The reclassification proposal, Chairman Julius Genachowski's so-called "third way" approach to broadband regulation, would have subjected broadband providers to some of the same common carrier rules that telephone providers follow. Genachowski put the idea forward in May, shortly after a federal appellate court ruled that the FCC lacks authority to enforce net neutrality rules because the agency currently classifies broadband as a Title I information service.
Neutrality advocates generally said they supported the proposal, while telecoms and cable companies largely said that reclassification wasn't necessary and would deter investment in broadband.
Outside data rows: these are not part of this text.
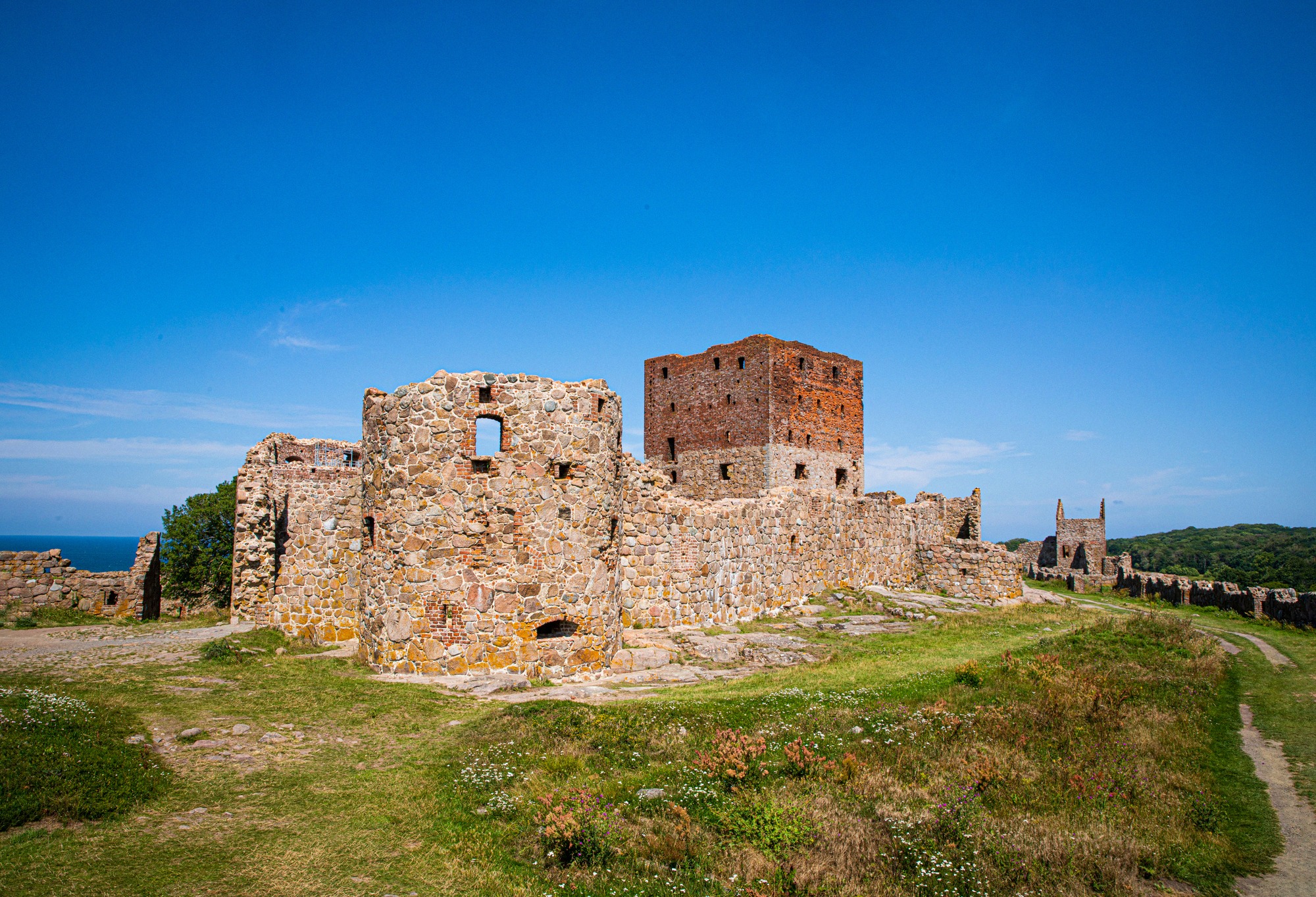 The Manteltårn, the heart of the castle complex. Frontal close-up of the round Manteltårn keep and ring wall of Hammershus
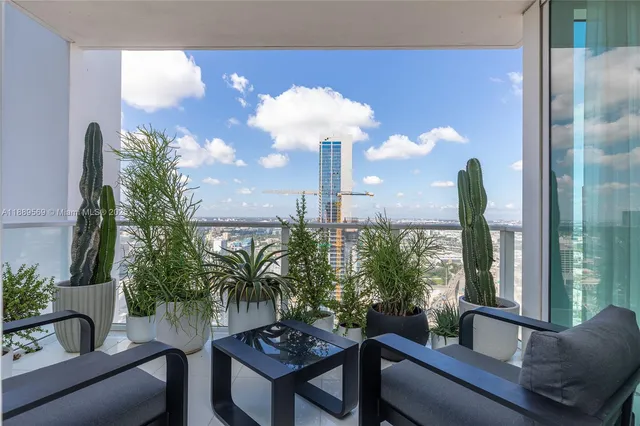 $19,500 | 1040 Biscayne Boulevard, Unit 4207, Miami, FL 33132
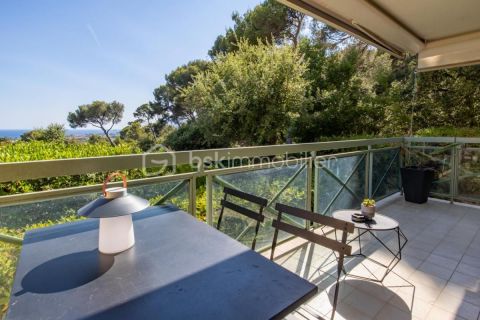 A louer APPARTEMENT DE PRESTIGE T3 62 M2 TERRASSE VUE MER LA SEYNE SUR MER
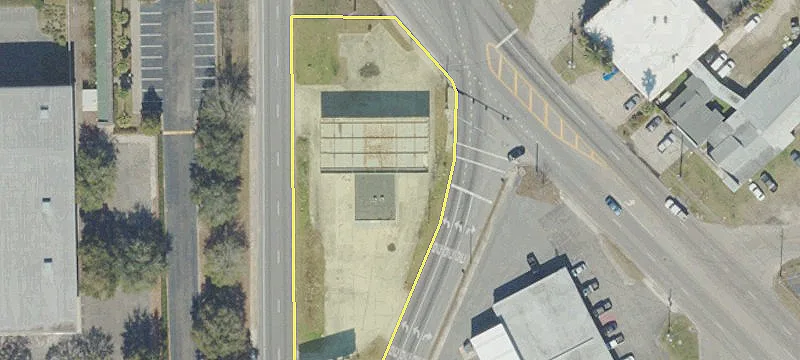 Versatile Corner Lot for Lease
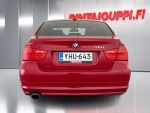 BMW 318 2011 Punainen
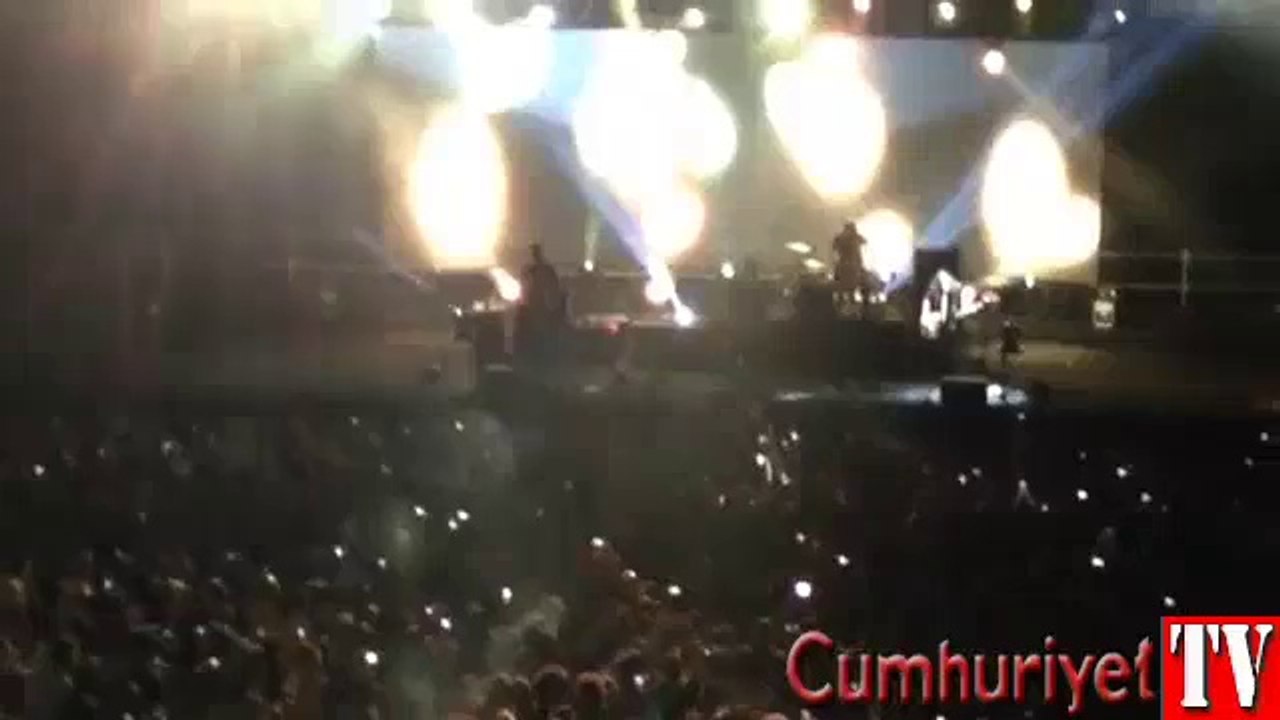 Alternatif rock efsanesi Pixies İstanbul'u salladı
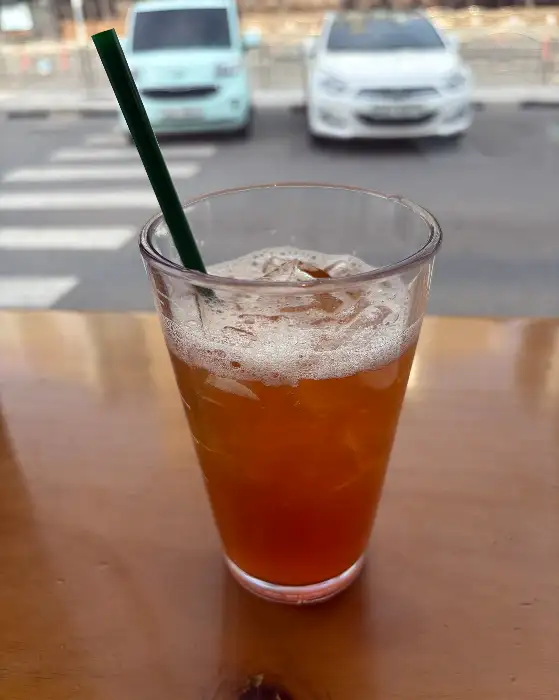 얼음 동동 띄운 시원한 음료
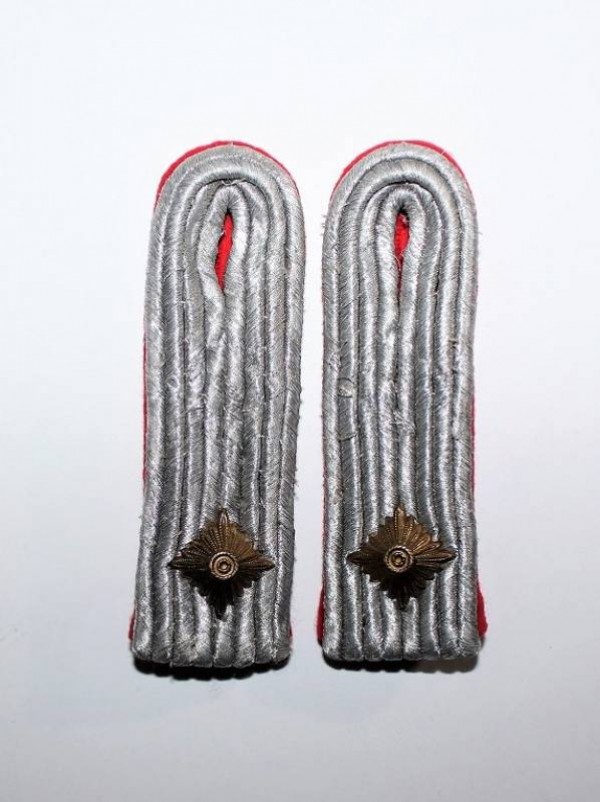 OFFICER�S SHOULDERBOARDS LUFTWAFFE FLAK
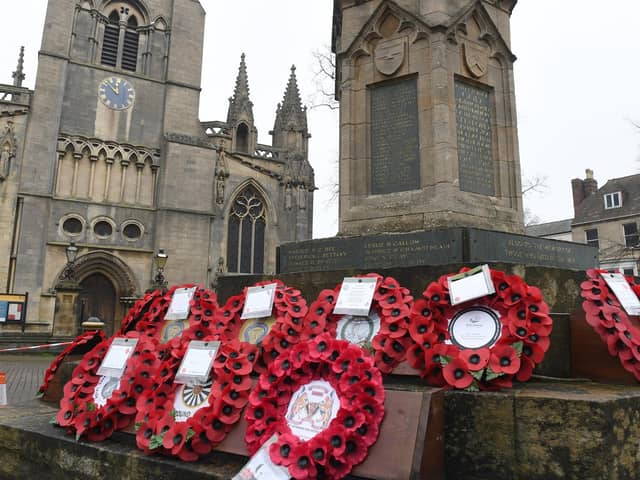 Remembrance Sunday at Sleaford. EMN-200911-105337001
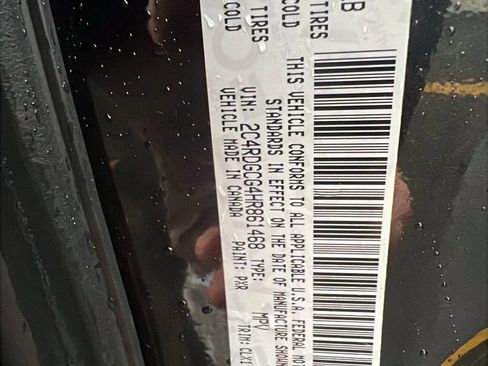 Used 2017 Dodge Grand Caravan SXT image 32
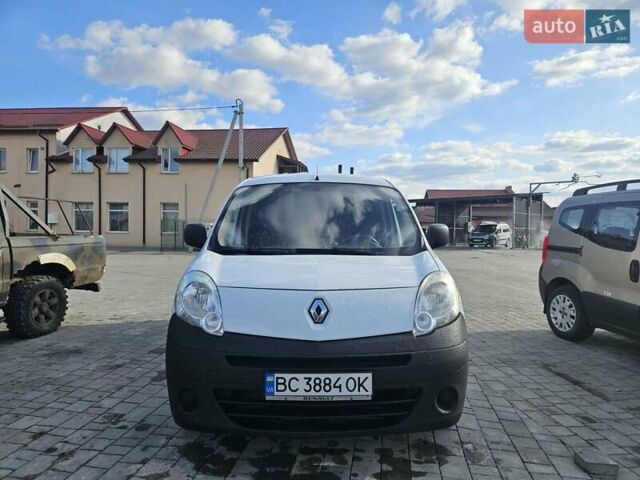 Белый Рено Кенгу, объемом двигателя 1.5 л и пробегом 320 тыс. км за 5000 $, фото 2 на Automoto.ua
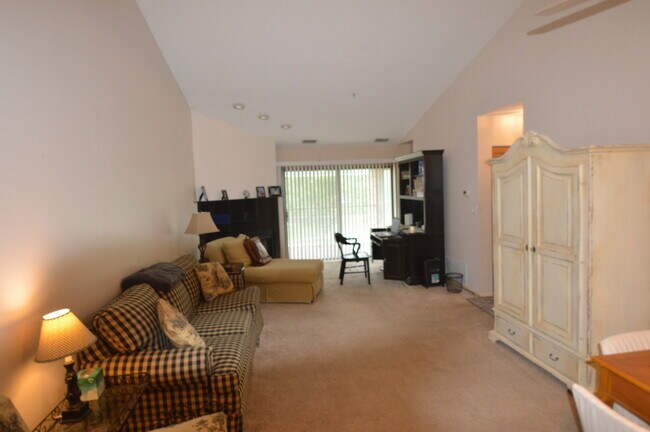 Foto del edificio - 641 Hapsfield Ln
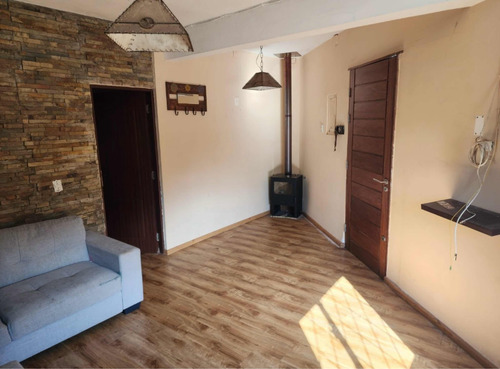 Casa En Venta Dos Dormitorios, Cercana A Montevideo Shopping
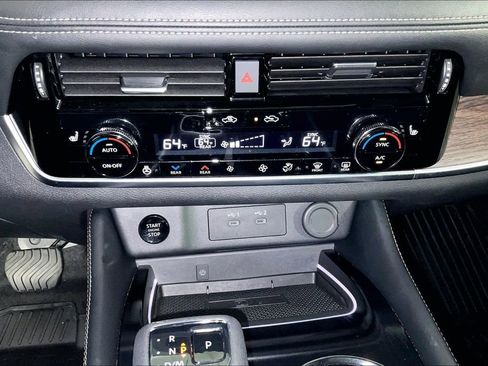 Used 2024 Nissan Rogue Platinum w/ Platinum Premium Package image 33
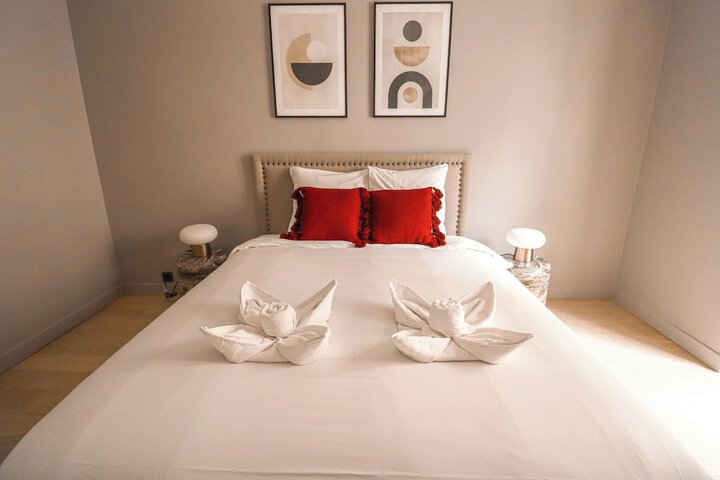 Room 8 of 35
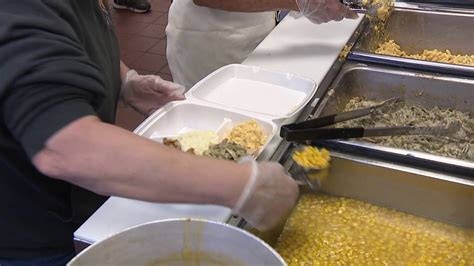 Free Thanksgiving meals handed out in Williamsport | wnep.com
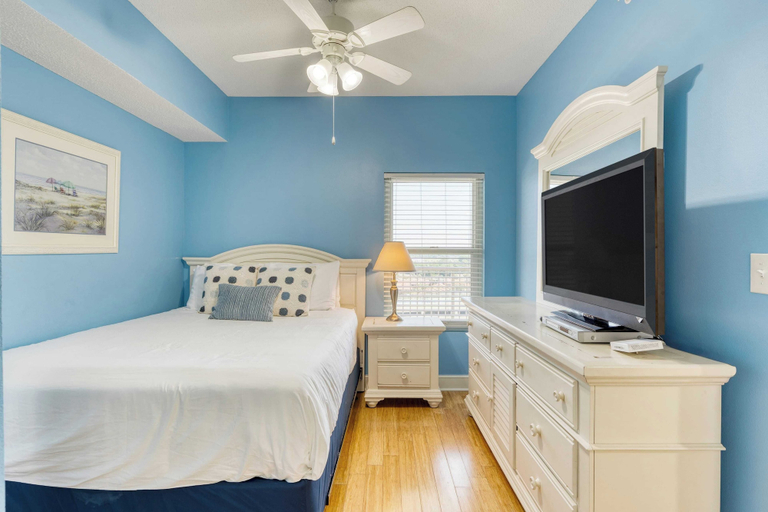 Bedroom 2, Sea Spray by Avantstay Beachfront Condo, Bay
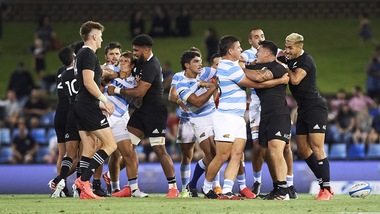 Rugby, gli All Blacks superano l'Argentina per 38-0 e evitano il terzo ko di fila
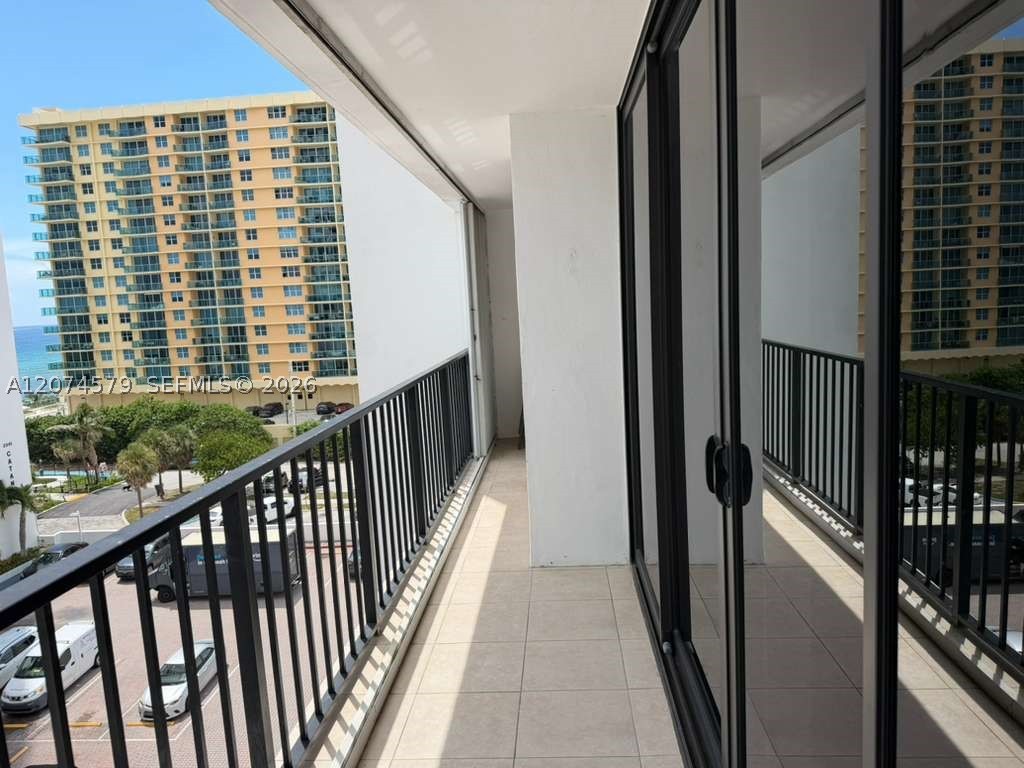 2401 S Ocean Dr 602 Property Photo 3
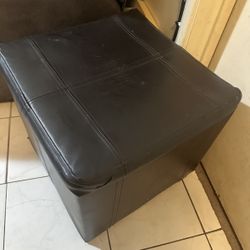 Ottoman W/ storage / Dark Brown leather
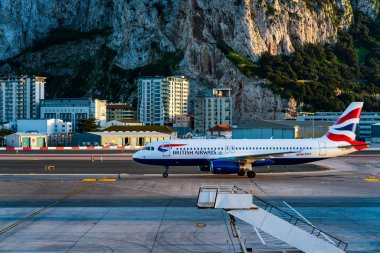 GIBRALTAR, İngiltere - 13 Mart 2023: British Airways uçağı Gibraltar Uluslararası Havaalanına indi. Cebelitarık bir İngiliz Denizaşırı Toprakları ve popüler bir turizm beldesidir.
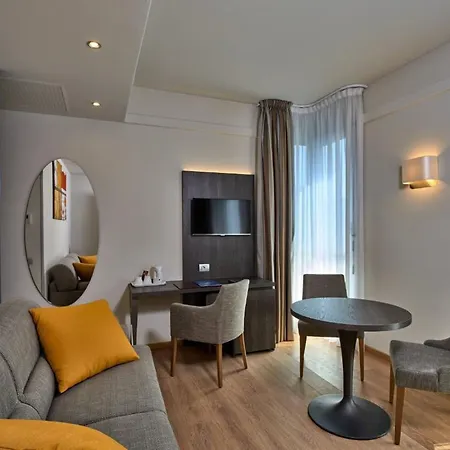 Hotel Como Hotel 4*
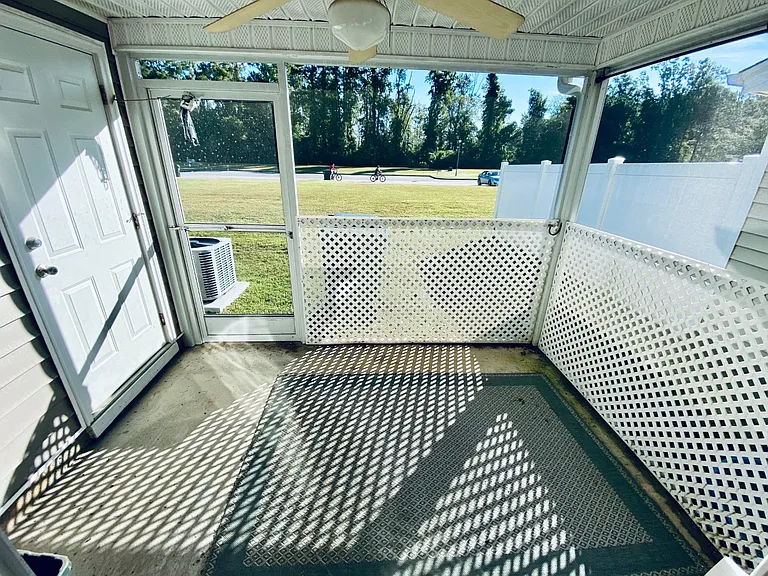 Patio_10052021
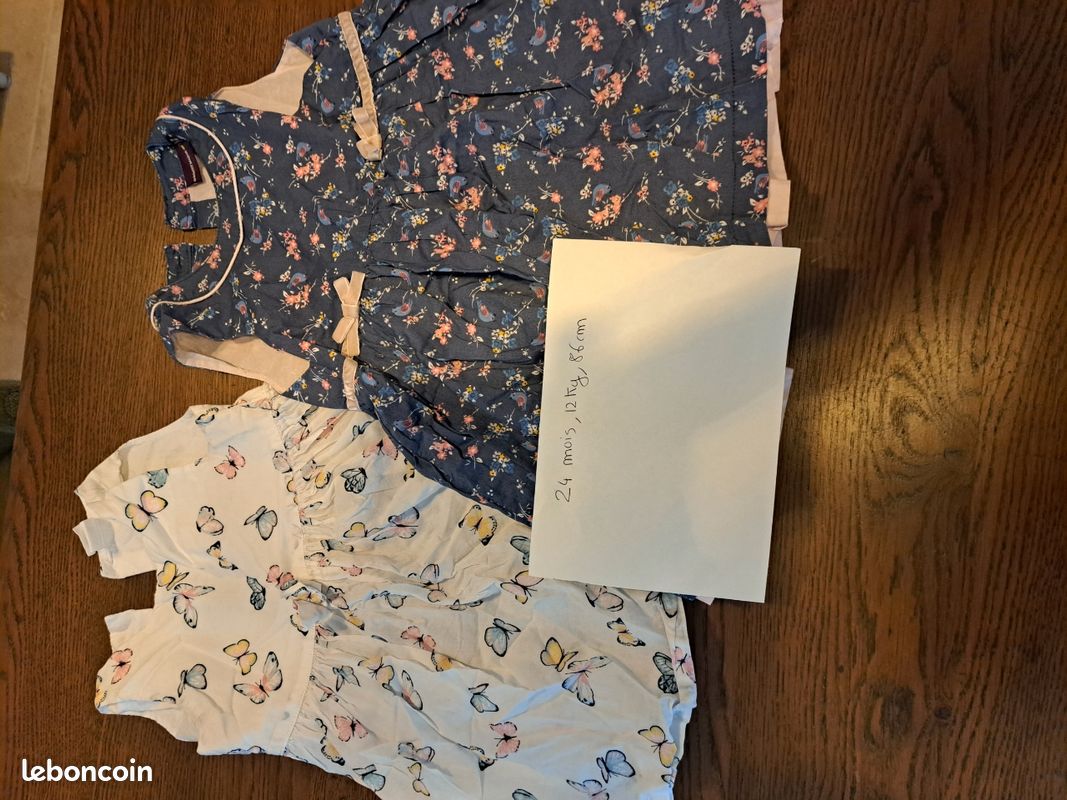 Robes (image 1)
Some advocates recently predicted that the issue had become so politically charged that the FCC likely would not take up the proposed reclassification proposal until after the mid-term elections in November. Earlier this week, the FCC tipped its hand that it would put off a vote on the third way by seeking additional comments on whether it should apply neutrality principles to wireless carriers and whether it should allow companies to strike deals for prioritized delivery of specialized services.
While the FCC theoretically could have still proceeded with reclassification -- and advocates like Free Press and Public Knowledge urged it to do so -- that move seemed less feasible once the FCC signaled that it was seeking additional public comments on neutrality questions.
Although the the FCC is delaying moving forward on neutrality, the agency is moving forward with a separate broadband initiative -- using the white spaces spectrum for wireless computing. The agenda includes a vote to finalize rules for unlicensed wireless devices on the spectrum recently vacated by TV broadcasters.
Advocacy group Public Knowledge cheered that announcement. "Today's proposals represent real, concrete steps in fulfilling the promise of the National Broadband Plan," Public Knowledge legal director Harold Feld said in a statement. "Voting final rules for the use of the broadcast white spaces will make much needed spectrum available for broadband."